PB in Action: Glasgow
/PB Scotland is featuring a series of updates from Scottish local authorities who have been supported to engage in PB activity by the Scottish Government. The Scottish Government is part-funding PB consultancy support delivered by PB Partners during 2015/16 to twenty local authorities across Scotland signed up for PB activity in their area. In the first of our series, Glasgow City Council describes the actions it has been taking around PB locally.
Glasgow City Council’s Strategic plan for 2012 -2017 states – “As part of our approach to community planning and devolving responsibility for how services are developed locally, we will roll out community budgeting to local areas so local people have greater influence over, and input into, how services are developed and delivered.”
To achieve this, a number of actions have been taken:
Community Budgeting and the Integrated Grant Fund (IGF)
Area Partnerships are a crucial part of the Community Planning structures in Glasgow. One of their primary roles is to provide opportunities for communities to engage with the local community planning process. They are also able to advise the three Sector Community Planning Partnerships on the setting of the priorities of the Sector Implementation plan and its investment strategy. It is recommended the Area Partnerships are the natural platform for community budgeting at a local level.
To assist the 21 Area Partnerships in their role they are each allocated an Area Budget. These budgets are mainly used to provide grants to local community and voluntary organisations to provide services that will help to achieve the Council's objectives. Applications for funding are developed locally to meet identified needs and demonstrate how they benefit an area or community within the Partnership's boundary.
Glasgow City Council (GCC) has agreed to develop a framework for the Integrated Grant Fund that includes an element of community budgeting. The Area Budget (£1.4 million) part of the Integrated Grant Fund was recently the subject of a consultation exercise and a report was submitted to GCC’s Executive Committee with a series of recommendations. It was agreed that a Glasgow approach to community budgeting should expand upon the existing approach to Area Budgets.

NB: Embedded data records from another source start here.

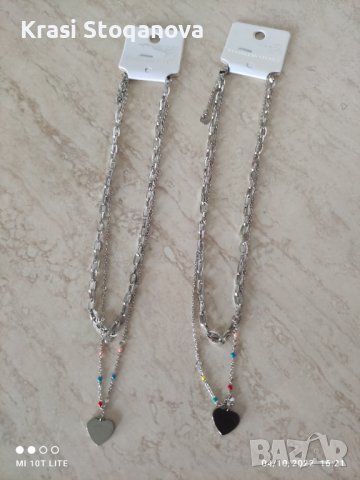 Дамски Бижута Двойни с Украшения - Неръждаема Стомана , снимка 2 - Бижутерийни комплекти - 38219507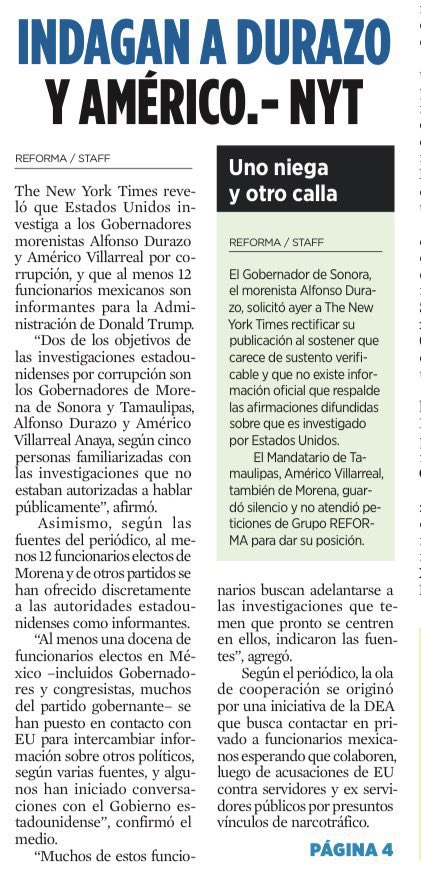 AdrianaDavilaF's tweet photo. Morena vuelve a dar la nota internacional. 

El NY Times confirma que EE.UU. investiga a Alfonso Durazo y Américo Villarreal. 

Además, 12 funcionarios mexicanos ya son informantes de la administración Trump. https://t.co/7qzTOishqX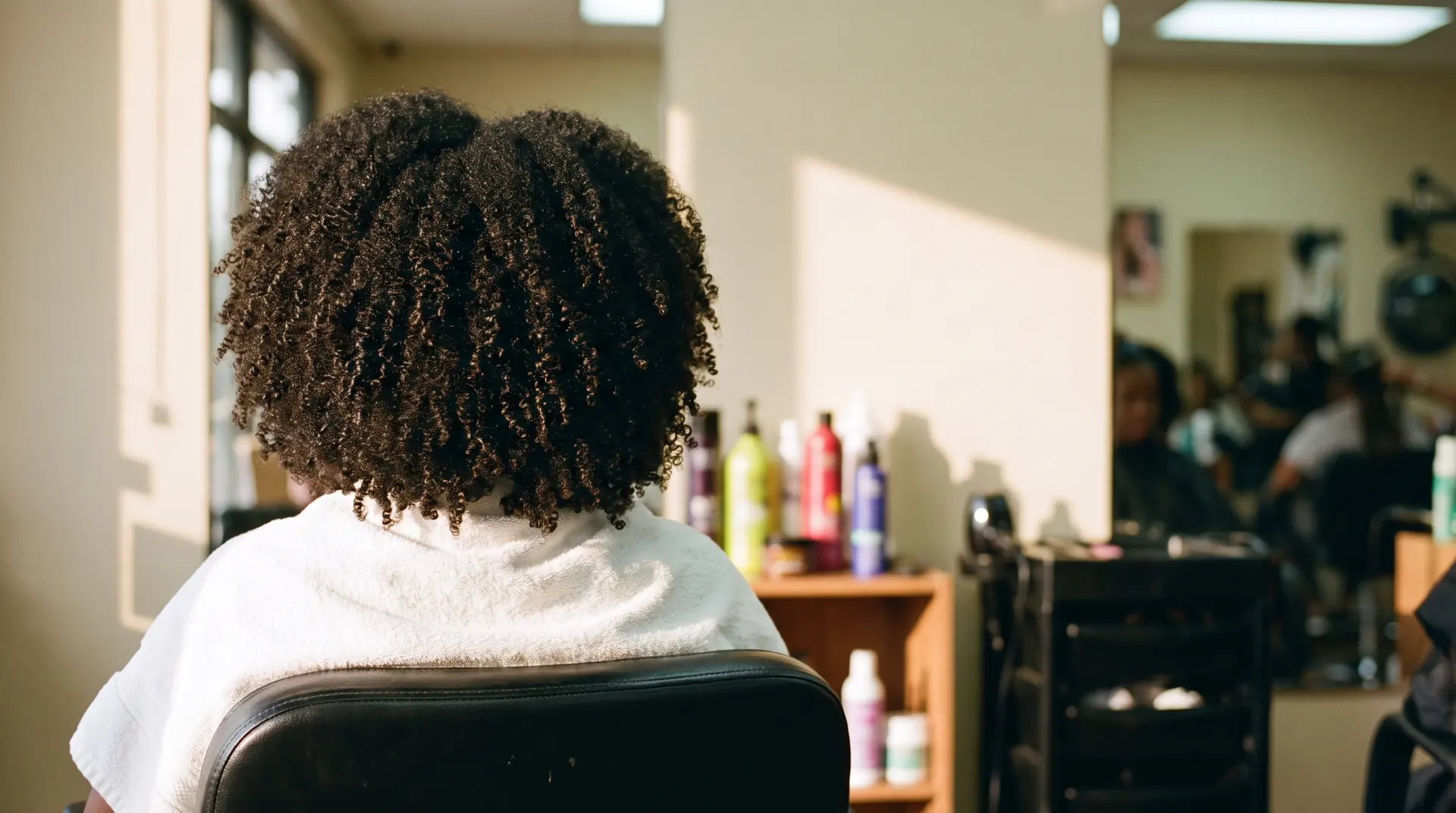 Clienta de espaldas en el sillón de De Roxy Peluquería, con el cabello rizado recién hidratado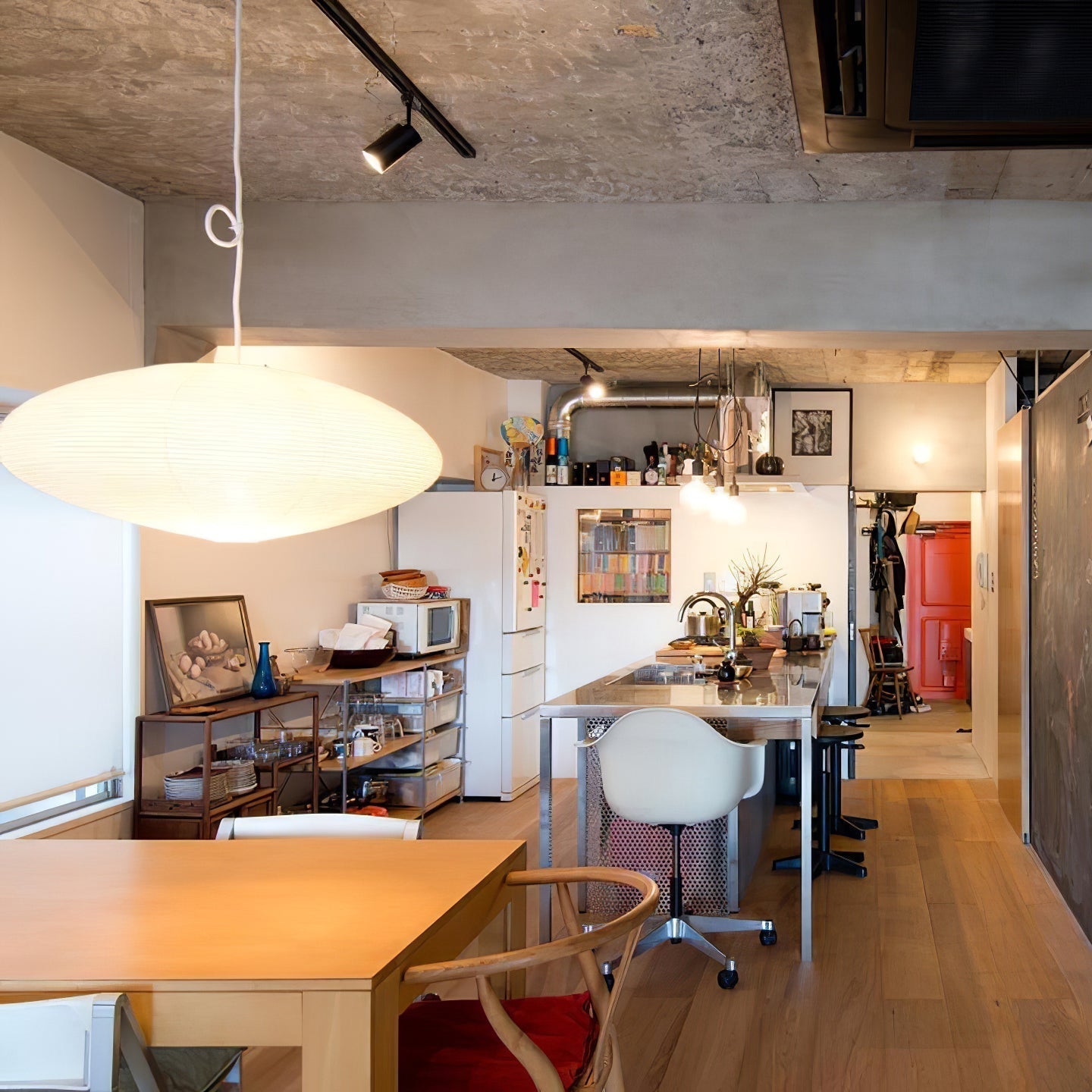 Stylowa Designerska Biała Designerska lampa wisząca Japandi do salonu i jadalni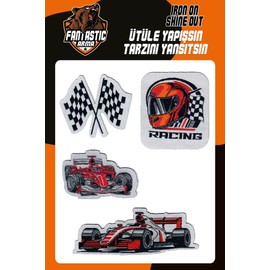 Formula Cars F1 Racing Iron-On Patches Set – 4pcs Embroidered Appliqué for Jackets, Backpacks, Jeans – Helmet & Checkered Flags – Motorsport Theme – Easy Heat Press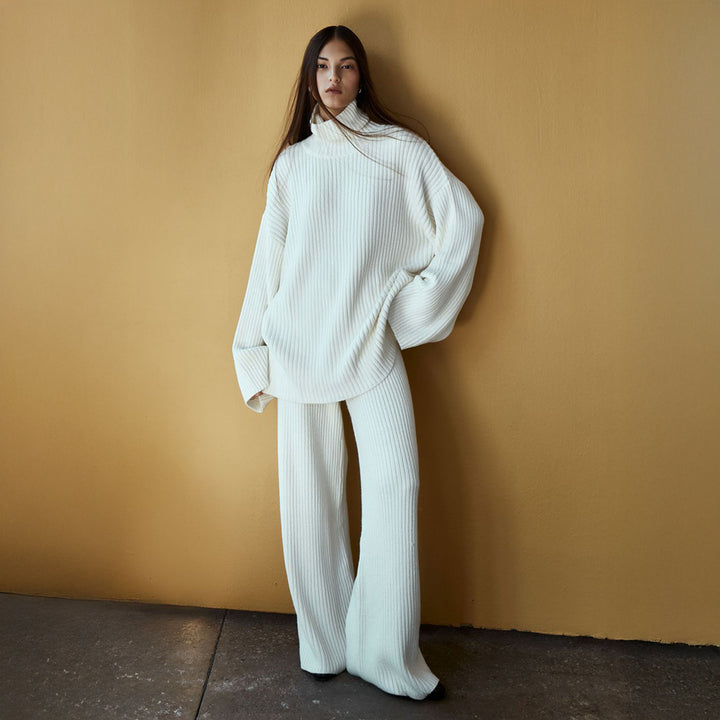 Damer Lässig Stickad byxdress med oversized tröja och vida ben Mirla-Eva Jonsson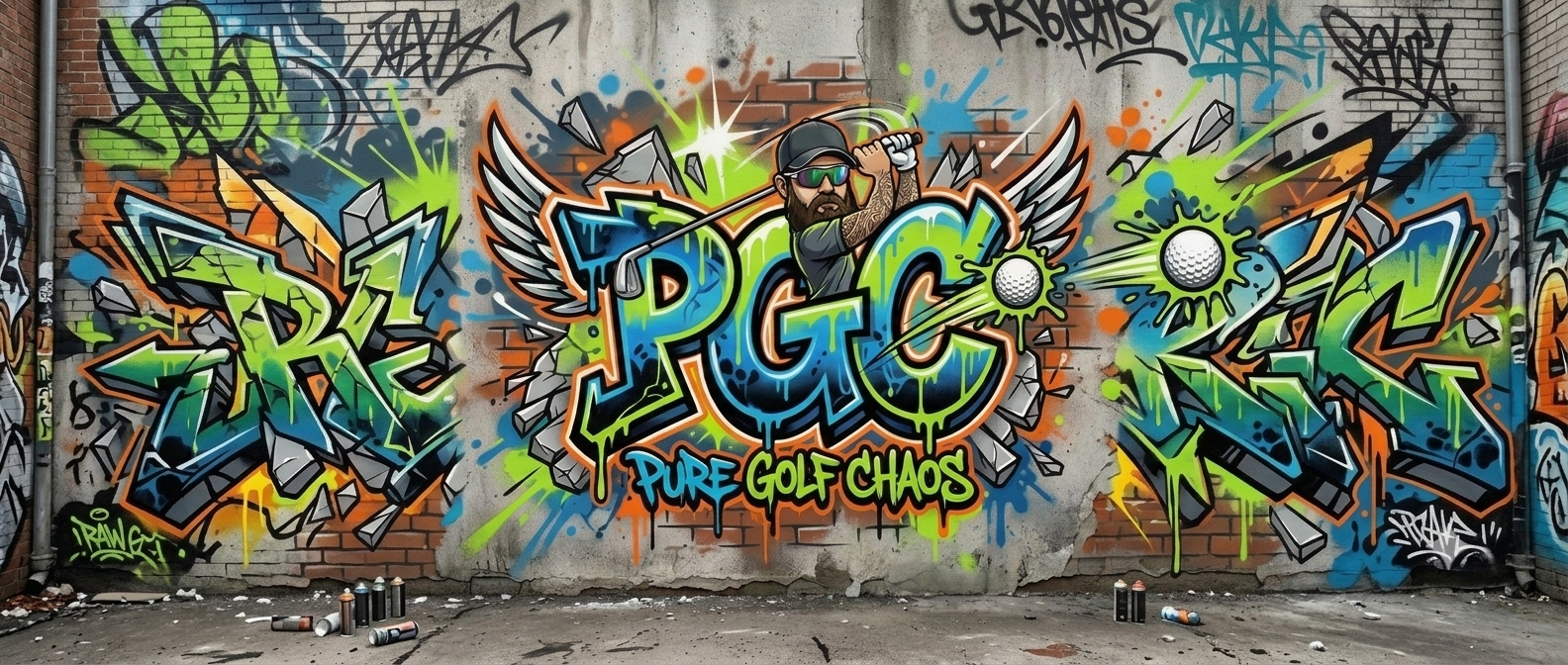Wide shot of Pure Golf Chaos graffiti mural on a brick wall with spray cans on the ground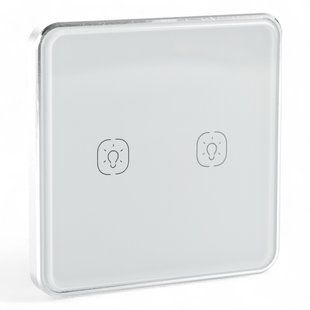 Розумна сенсорна кнопка-вимикач Tervix Pro Line ZigBee Touch Switch (2 клавіші), на батарейках, Білий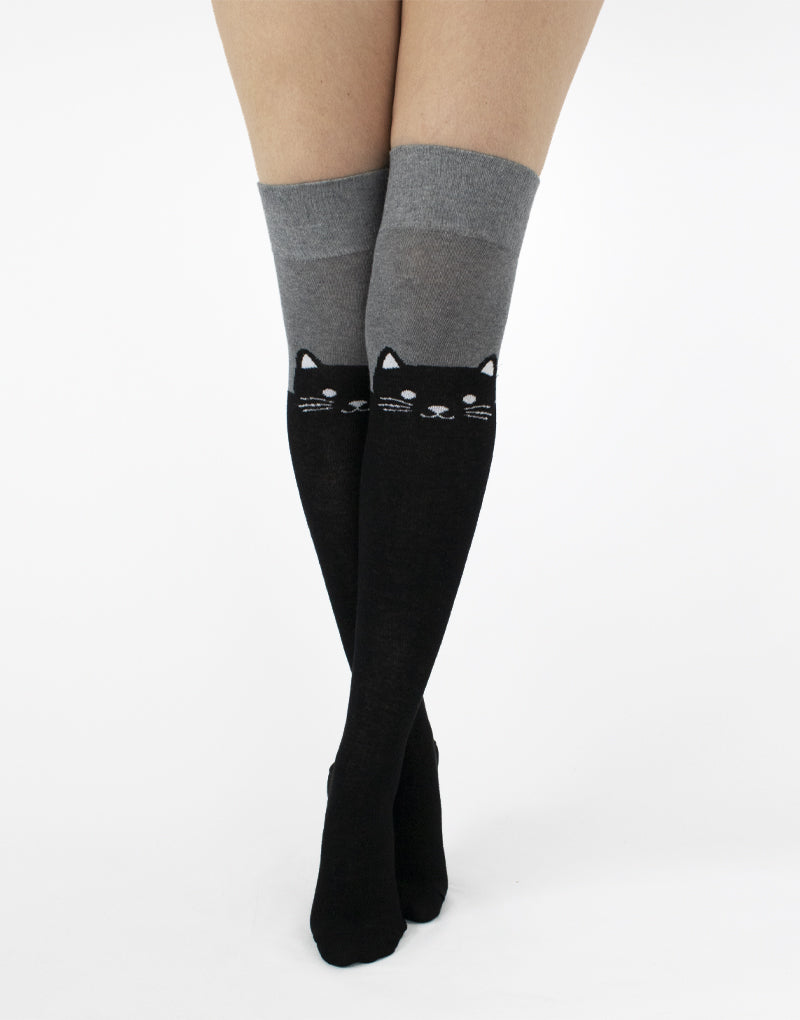 Cat Over The Knee Sock Black/Grey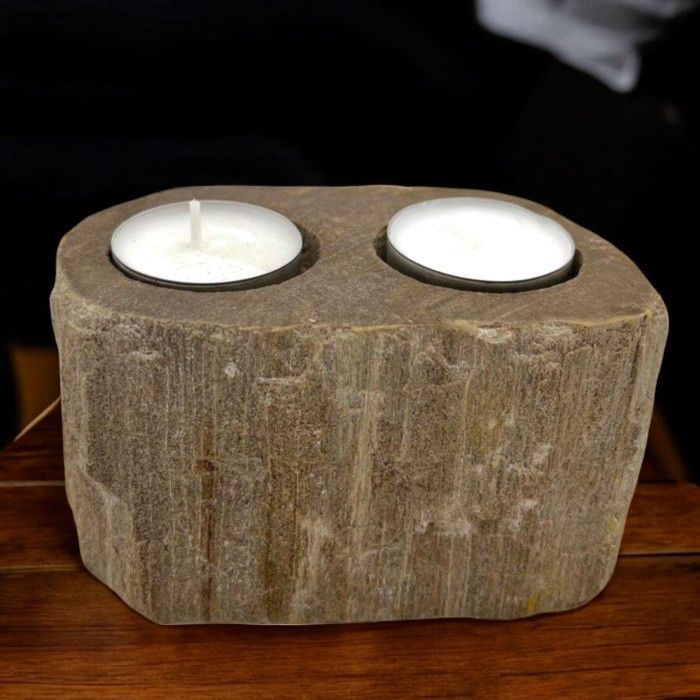 Double petrified wood candle holder with two tealight candles
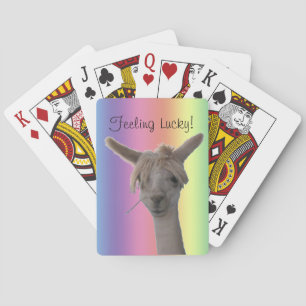 Karten spielen - Alpaca auf Regenbogen-Hintergrund Spielkarten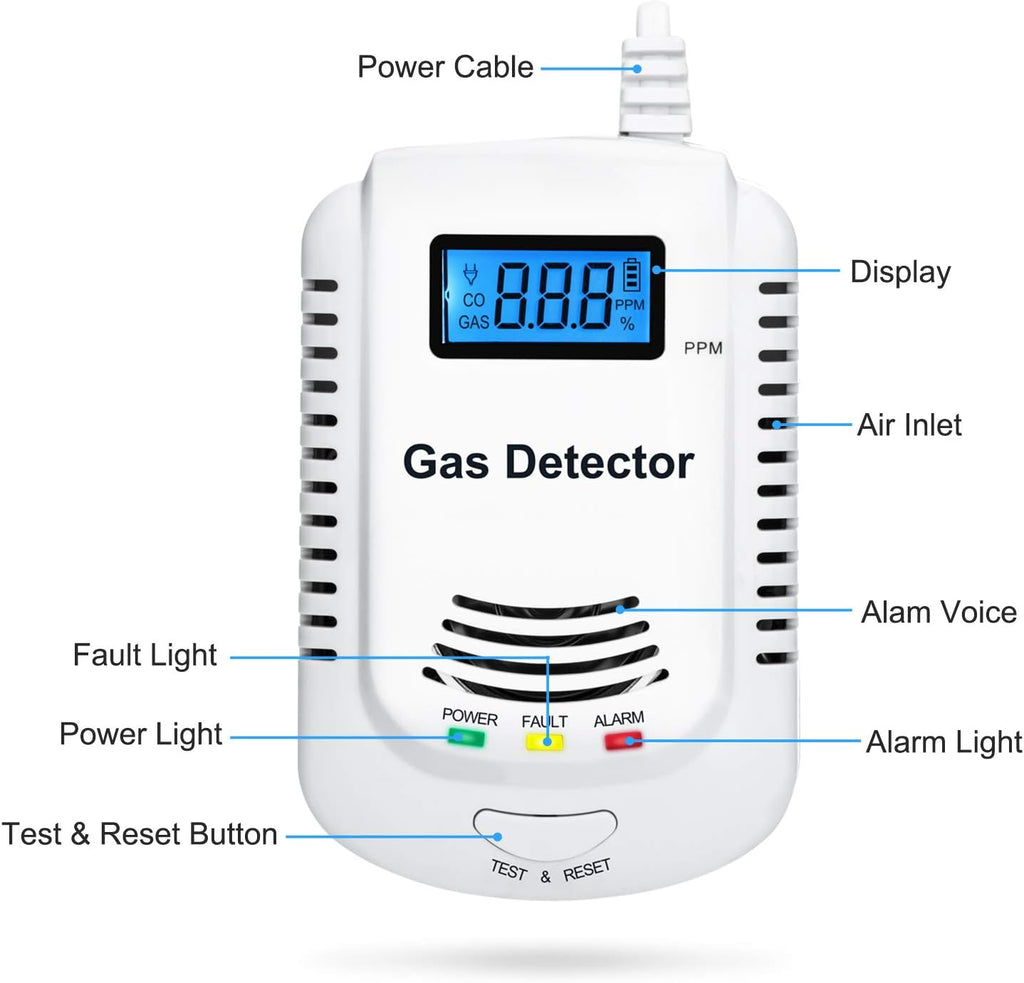 Combination Natural Gas and Carbon Monoxide Detector Plug in 2-in-1 Y205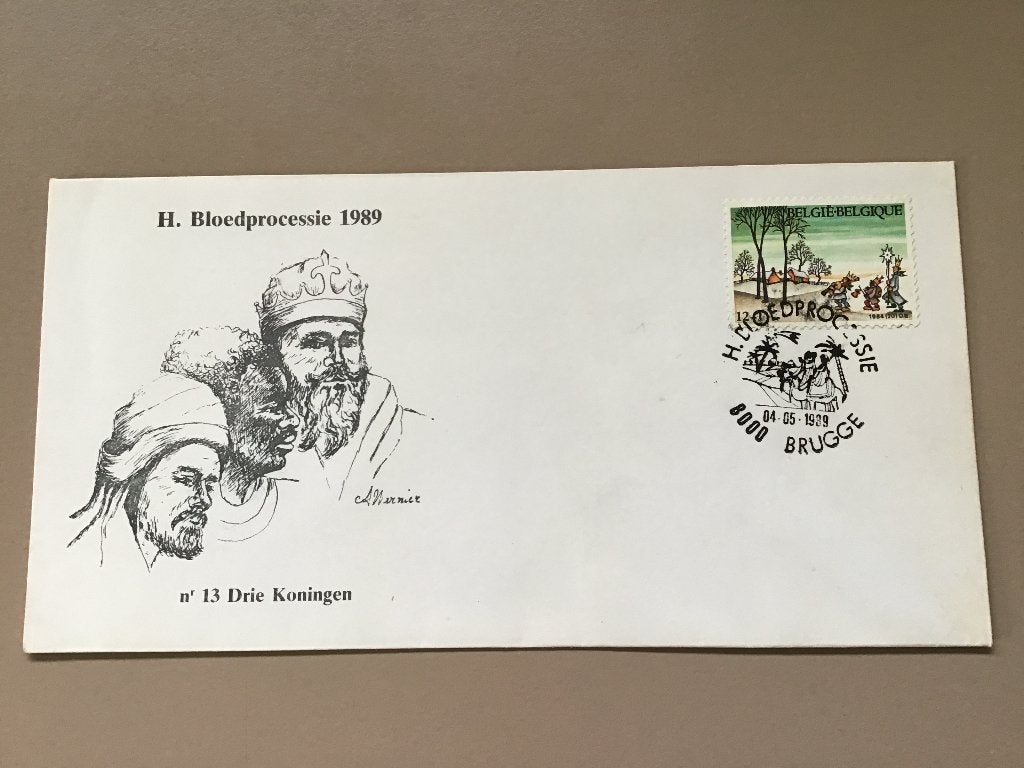 enveloppe H. Blood Procession 1989 avec timbre (livraison g, Enlèvement ou Envoi, Lettre
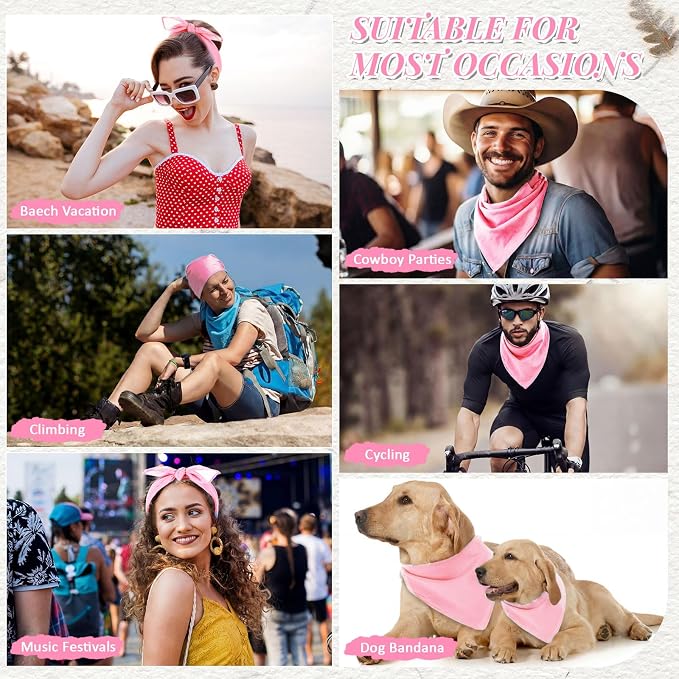 Suhine 100% Cotton Solid Bandanas Blank Bandanas Multifunctional Headband Scarf - Image 6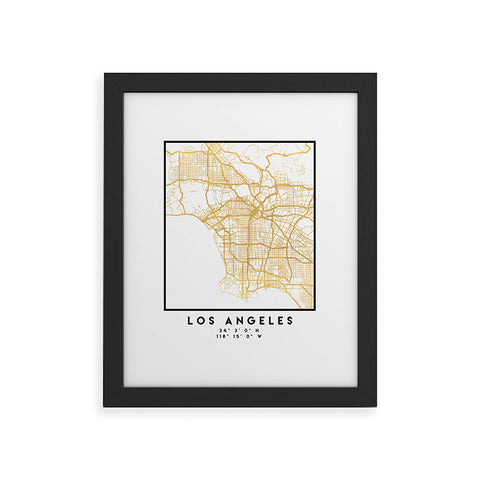 deificus Art LOS ANGELES CALIFORNIA CITY MAP Framed Art Print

Developing New Models of Community Budgeting
A number of pilots have been implemented or currently being developed with our Partners to test the concept of community budgeting. For example, Glasgow Life Libraries piloted a Community Buying pilot in three schools throughout Glasgow in 2014. The initial pilot phase involved 120 children and young people engaged in stock buying activity in three libraries/communities in Barmulloch, Castlemilk and Knightswood. Eight recommendations were made to further develop the Libraries community buying (budgeting) pilot in 2015, including “Community Buying for children and young people should be rolled out as an annual event within every Glasgow Library.”
Glasgow Life delivered a Holiday Programme community budgeting pilot during summer 2015 to engage children, young people and families in the development a new approach which brings together all of the different strands of activities to create an integrated holiday programme. This proposal concentrated on a neighbourhood cluster/hub that provides a good mix of community and leisure provision, physical infrastructure and hosts a range of partner and voluntary sector provision. This combination provided a reasonable platform for wider planning opportunities and a realistic grounding to inform future delivery. It is envisaged this will be rolled out during all school holidays in the Ruchill & Possilpark Thriving Places neighbourhood.
Glasgow City Council’s Development & Regeneration Services Department, working with partners in the Ruchill/Possilpark Thriving Places Group, are developing a community budgeting pilot in the North West sector. This involves residents in deciding how £120,000 capital expenditure is utilised to repair and refresh the Millennium Space and Bandstand area in Possilpark. This pilot places local residents at the heart of determining the use of resources and introduce an approach to developing inclusive community planned and co-produced services.
The Spirit of Trust 2012 awarded £250,000 funding to the Ruchill and Possilpark Thriving Places group for 2015-18. A Spirit of Ruchill and Possilpark Community Panel has been created to oversee the process for allocating the £250,000 funding over the next three years. Training will be provided to this panel and a community budgeting approach will be adopted for the disbursal of the funding over the next three years for sports, culture, volunteering, arts and social activities.
Capacity Building and Training
To assist Glasgow Community Planning’s Area Partnership members to develop a better understanding of community budgeting, a joint half day workshop was offered to all Community Planning Partnerships members and substitutes in each of the three sectors in 2014. As a follow on to the introductory workshops, a 1-day training course was offered to those workshop participants who wanted to develop the skills needed to adapt these new innovations into a local Area Partnership context and focus on how to develop the skills needed to facilitate community budgeting processes.
The Scottish Government have provided financial support to local authorities to access more in depth and tailored in-house training, delivered by the Participatory Budgeting (PB) Unit. Glasgow City Council has secured this match funding to provide a 10 day package of work, looking at embedding citizen led decision making into the fabric of a Glasgow City Council. This package will include; briefings and discussion groups; training sessions; agreeing the best approach to sharing budgets with key stakeholders; and the terms of reference and roles and responsibilities of community stakeholders, officers, CPP colleagues and Elected Members. In addition this package will include support which will evolve based on the needs of GCPP, looking at all aspects of creating a community budget.